This Can't Be!
Diagnosis: Spina Bifida Myelomeningocele
By a Grieving Mother
My daughter, my first pregnancy at the age of 39, was planned using fertility that had been unsuccessful for three months. The fourth
Intrauterine Insemination (IUI) worked. My husband and I are both in the medical profession and spent years as poor students. After school
we spent some time traveling and made up for the fun we had missed while in school. We were both well aware of all of the complications that
can accompany pregnancy; we were scared, yet finally felt ready this past year to become parents. All of our friends and our parents said
“You’re never ready to have kids." But we were. We were 110% ready to be parents. We really wanted a girl, too. His family is overrun with
boys and my family really values girls. With each week we breathed a sigh of relief that we had not miscarried. You can imagine our complete
ecstasy at 11 weeks when our Chorionic Villi Sampling (CVS) result was "Chromosomally Normal Girl." I cried tears of joy in the middle of the
grocery store when I got the call.
During my pregnancy I journaled to my embryo and fetus as if it were already a person.

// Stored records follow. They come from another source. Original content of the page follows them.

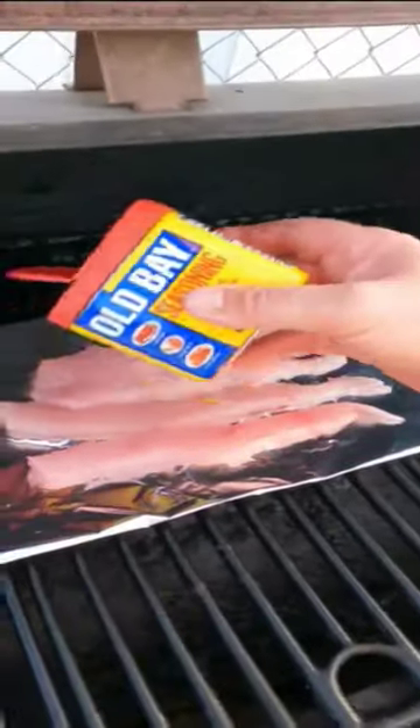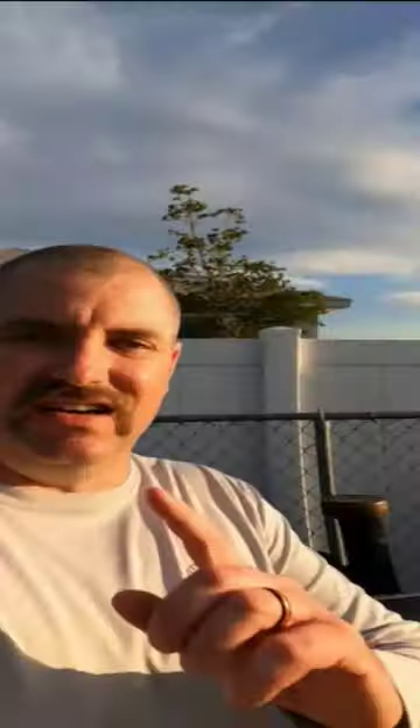All right guys, smoker at 225. Y'all can use any seasoning you want, but I'm going to use a little Old Bay today. We're gonna smoke that at 225 for one hour.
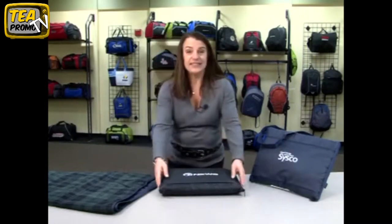It's a convertible blanket with fleece on one side and nylon on the other. The blanket folds up and zips into this convenient tote bag.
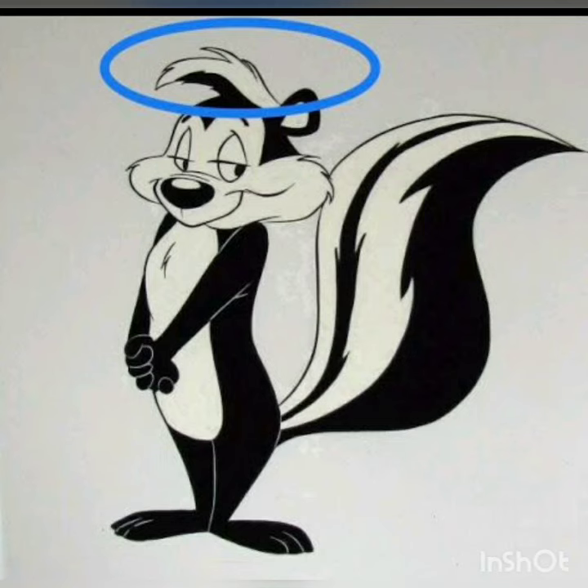...about this rifle: the scope is set up for a minimum distance of 300 yards. Hope to be shooting that soon. As always, thanks for watching.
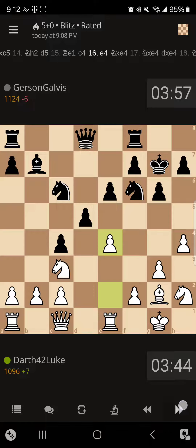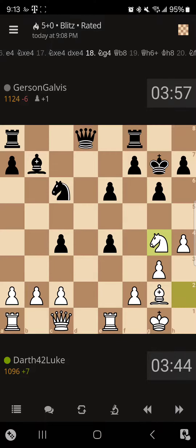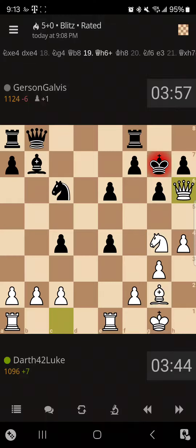Push the e-pawn. So he takes with knight, I take back with knight. Now this is great, because there is nothing he can do really to prevent the checkmate. I go to put my knight, which is perfectly safe there even though it is hanging on g4, because now I am going to take my queen from c1 to c6. And there we are — check. So he moves back.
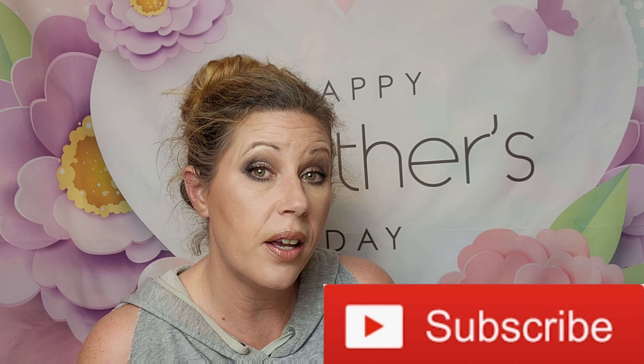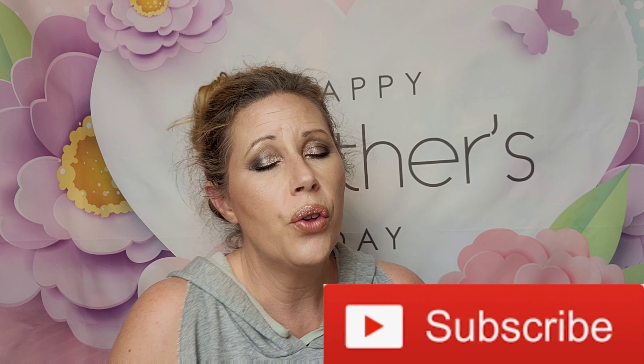Thank y'all bunches for coming to hang out with me for just a little bit. Don't forget to smash that subscribe button along with the notification bell — hit all notifications so you do not miss out on any of my unboxings, spoiler videos, shorts, or giveaways. I do post a bunch of information in my community tab; it'll also give you notifications for that. Love you guys bunches and we'll talk to you soon — see you in the next video, bye-bye!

The journaling also helped to relieve some of my
anxiety and fears about miscarriage. I had hoped to pass the journal to the child after high school graduation or some other milestone. I began
to refer to myself as “we” after the CVS results. I called the baby by her name. I ate like I was training for an Olympic event. I especially
enjoyed breakfast with her. I was well aware of Neural Tube Defects, so from the time of conception I ate folic acid containing food at every
meal, I consumed no caffeine, no alcohol, no artificial sweeteners and no medications. I took extra B vitamins and three times the recommended
amount of folic acid. I never missed one day of vitamins and had been on them for a year prior to conception. When I went to the gym, I never
allowed my heart rate to get above 110 bpm. I stayed out of the sun/heat. I got plenty of rest. My primary symptom was fatigue. I had some food
cravings and some minor food aversions, but no nausea or vomiting.

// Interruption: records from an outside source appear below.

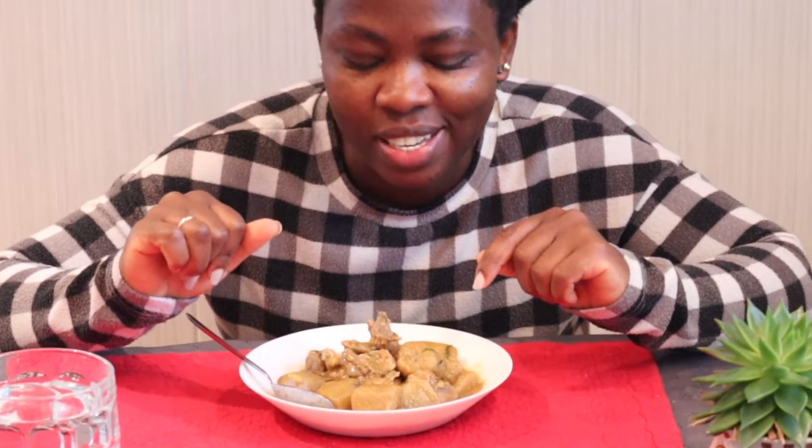Hi guys, how are you all doing? Welcome back to my channel, this is Matida, welcome to Mati Kitchen! Today I'm going to be doing more bun with chicken pepper soup and plantain. The way I make the pepper soup is out there on Mati Kitchen, so you guys can click on it and see how I make this chicken plantain pepper soup. Let's dig in!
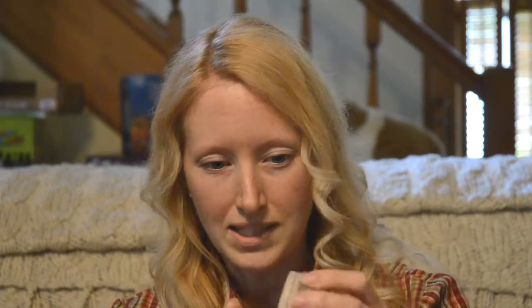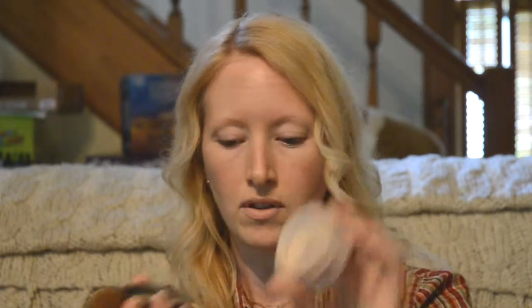The first thing to do — I use Bare Minerals Mineral Makeup. This is color Fair, and I can get it pretty cheap from eBay, like $13 for the big one. You shake it into the cap and then use this brush. It doesn't have a big handle, but it works.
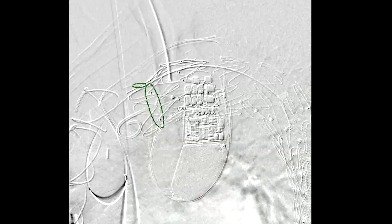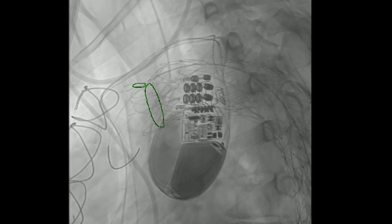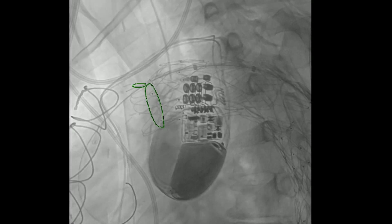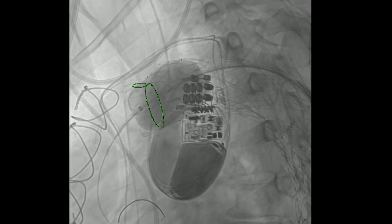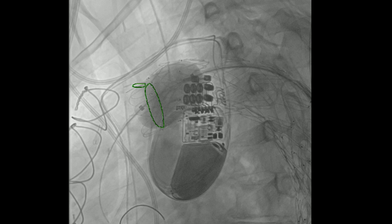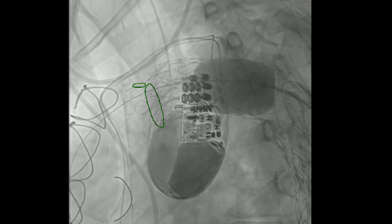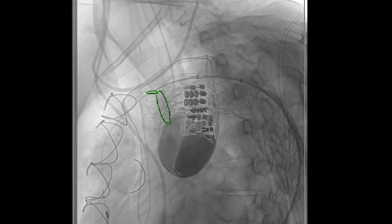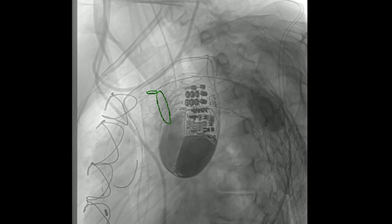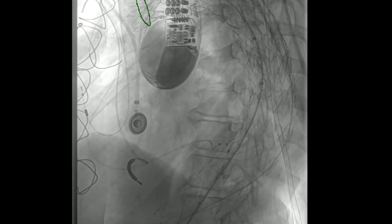Now it looks better, although it's still maybe leaking a little bit. Options are to balloon it, do a quad subclavian bypass, or extend it. We're bringing up the Coda balloon and ballooning fairly aggressively. We'll blow up all the overlap zones along the entire length of the graft. Interestingly with TCD you can sometimes see flow acceleration inside the head as you're inflating — flow acceleration inside the brain could be associated with intracranial hemorrhage.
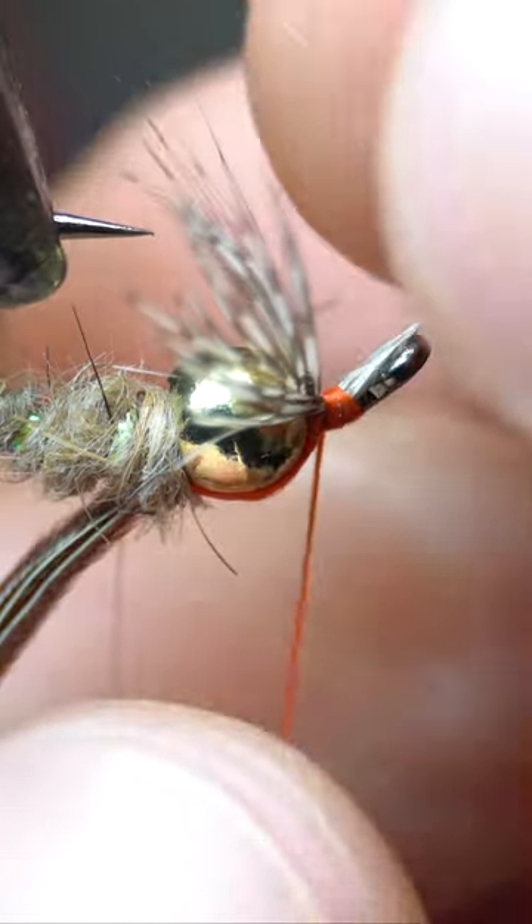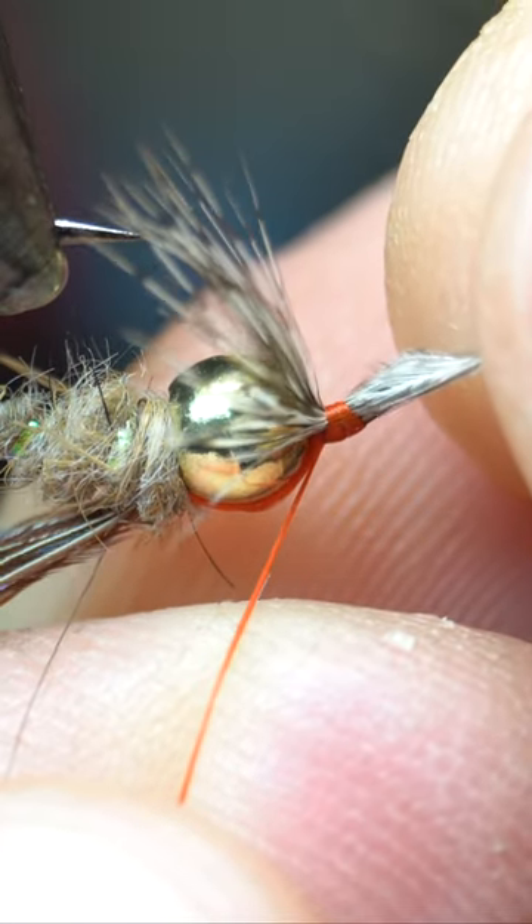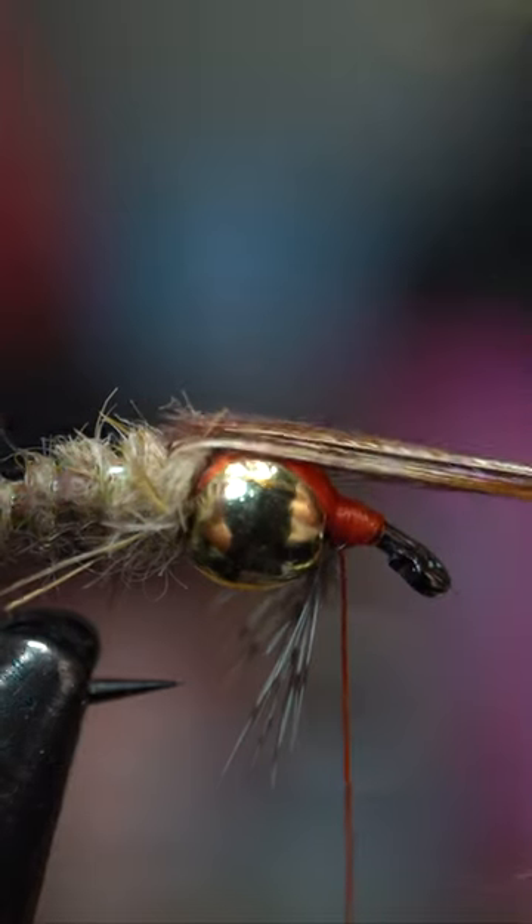Make one more wrap, so a second wrap. And then we'll just pull this to the length that we're wanting. There we go. And then we can pull this up over.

Knowing she was genetically normal encouraged us to tell people. We started by telling a few friends. At week 13 we told my mom and at week
14 we told his parents. Everyone was surprised because no one even knew we were trying. My mom was so excited to finally be a grandma. His mom
was grateful there would finally be a granddaughter. I finally started to relax about the pregnancy. We made it through the 1st trimester, so
miscarriage was much less likely to occur. My next appointment with my Perinatologist was scheduled for 15 weeks and I had invited my mother to
come since my husband was working.
On Saturday night, three nights before my 15-week appointment, I had a terrible nightmare that I was losing the baby. I woke up Sunday morning
crying and actually had to call my mom. I was so upset. It took me until about noon to calm down. The dream was so vivid. In the dream as the baby
was being ultrasounded she was looking at me forlornly while miscarrying. At my 15-week appointment, my doctor chatted with my mom, measured my
belly and did a heart doppler on the fetus. I had gained 8 pounds. He asked if I had any concerns. I told him about the nightmare and he said that
although an ultrasound was not scheduled for this visit, they could do one to reassure me.
My mom and I went into the ultrasound room and the technician began the scan. I had told mom how active she had been on ultrasound at the 11-
week appointment, how she had kicked her legs while the CVS was being done. Today my little girl was trying to put her hand in her mouth and the
technician said “her legs are crossed.” Mom and I joked about what a little lady she was. I then asked the technician if we could see the baby in
4D and when she switched to 4D we saw it…..the hole in her back. Her legs were not going to uncross, they could no longer move. I can’t even
describe how horrible I felt. I was in a panic. I knew what was wrong. How can this happen? I did everything I could to prevent this. What did I
miss? The technician went to get the doctor. I said “No.No.No.” My head swam. My mom looked at me and said, “You are her mother and you will take
care of her.” I looked at my mom and said, “ You have no idea what you’re talking about. This is very bad.”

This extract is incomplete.